We walked over to a worktable and I took pinches of herbs from various jars and funneled them into a little bottle.

“She should be fine now. Mix these in tea twice a day. Call on me when she wants to become pregnant again.”

Startled, I looked at her face. How had she known that Angie had just lost a child? I doubted this extremely private daughter would have volunteered the information to Francesca the night she and Cecilia brought me home.

“It's a very simple compound,” she said. “It builds back the blood. And will help her spirits.”
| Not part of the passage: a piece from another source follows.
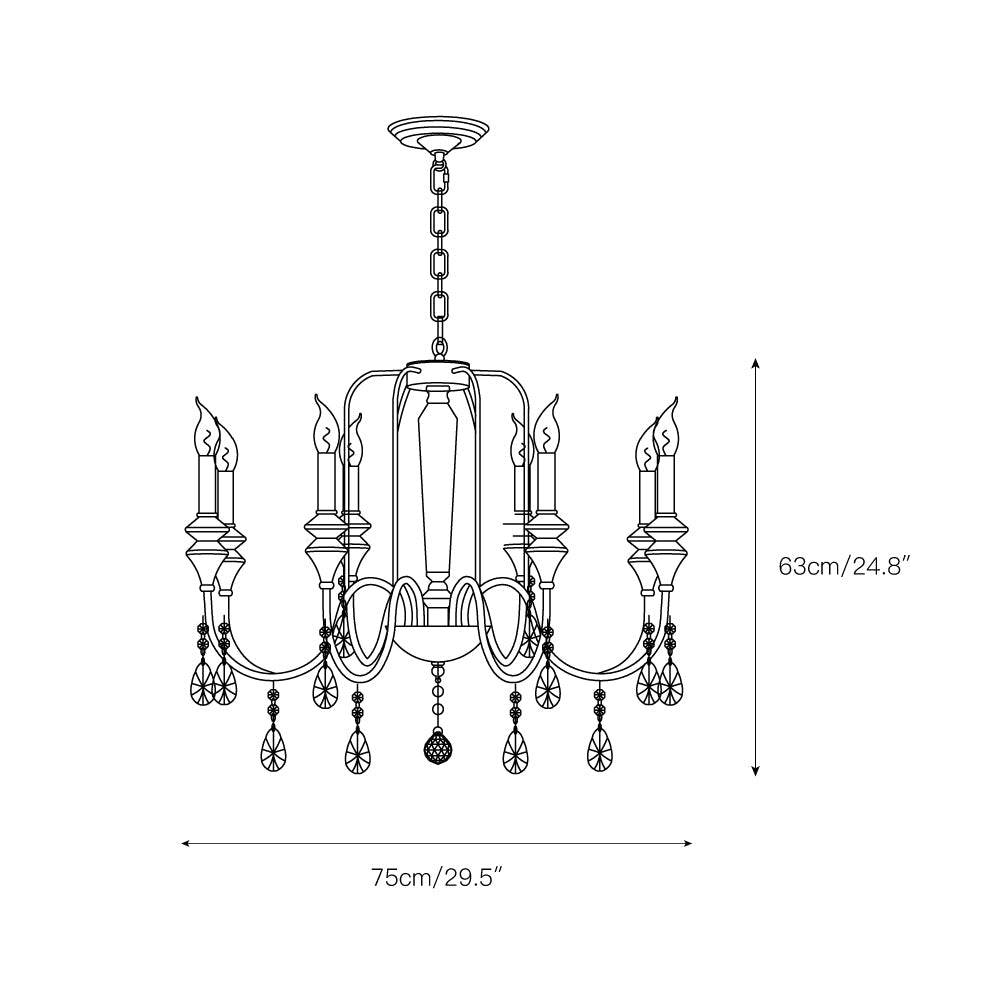 Piper Chandelier - Faceted Crystal Curtain & Brass Candelabra Light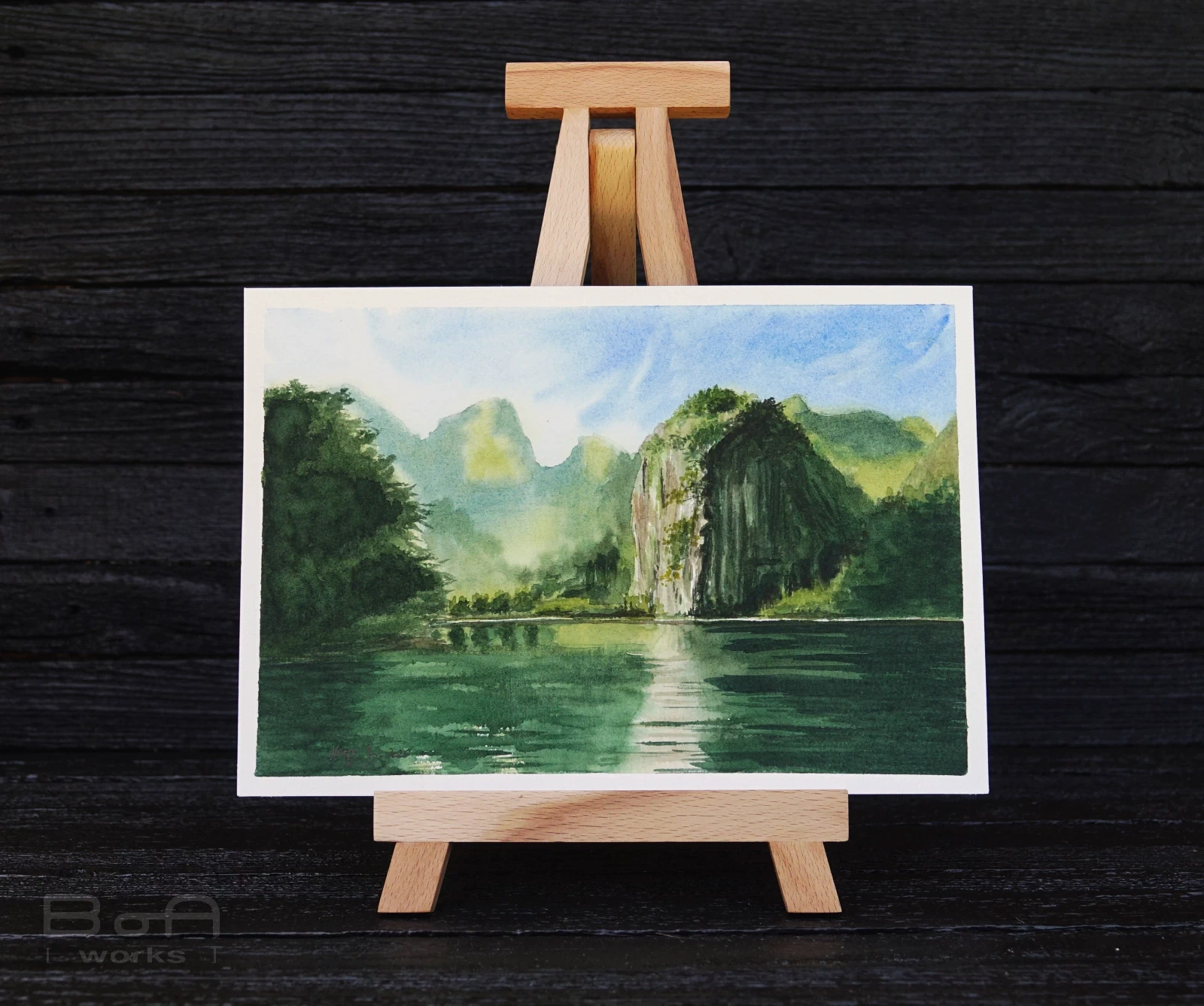 [waterworks] - pictura-acuarela-originala-the-monolith-26x18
Dr. Golbert had said she was slightly anemic. Apparently with just a glance, Francesca thought the same. It would be very interesting to have the two practitioners get together.

“I appreciate it, Francesca. Now, let me find my husband and we'll take you back to the main house.”

“One final mixture, please, before you leave. A mixture to accompany the seeing herbs.”

I smiled and glanced at the red crystal jar. “You haven't taken them yet, I see.”

“No.”

“Have you changed your mind?”

“No. I've delayed. It is a grave thing to see and then act on the seeing. Even if one has spent half a lifetime preparing for just such a moment.”

I was uneasy. “Well, let's finish the compound right away. My husband will want to go as soon as we're done.”

***

Keith was right outside the door, staring up at the roof where it joined with the exterior wall.

“All through?” He looked at Francesca curiously, then thanked her for taking the time to mix the herbs for Angie.

“I didn't. I can't because of my hands.” She held them up. He winced, then his eyes traveled up to her ancient face. “These are medicines I usually keep around for my own family and some of their friends. For years now I've lacked the ability to compound the ordinary mixtures I need to have on hand. The supply is replenished now. Your wife has been very helpful. I've become quite fond of her, you know.”

***

“Well, what do you think of the place?” I asked Keith on the way home.

“You mean other than the incredible waste of good pastureland?”

“Yes.”

“I think the whole place is weird as hell, if you want to know the truth. I did quite a bit of poking around. And every single house I had time to check was built with the techniques that would have been used during the time period the houses represent.”

“Why? There's a Sears house. So I understand that. But why emulate old construction methods? It's not like the place is a living museum that attracts tourists.”

“The strangest thing of all is the workroom building. What you call the Old House. There were no nails. I mean none. Metal nails have been around since the Bronze Age. These people used wooden pegs. What would be the point of doing that? ”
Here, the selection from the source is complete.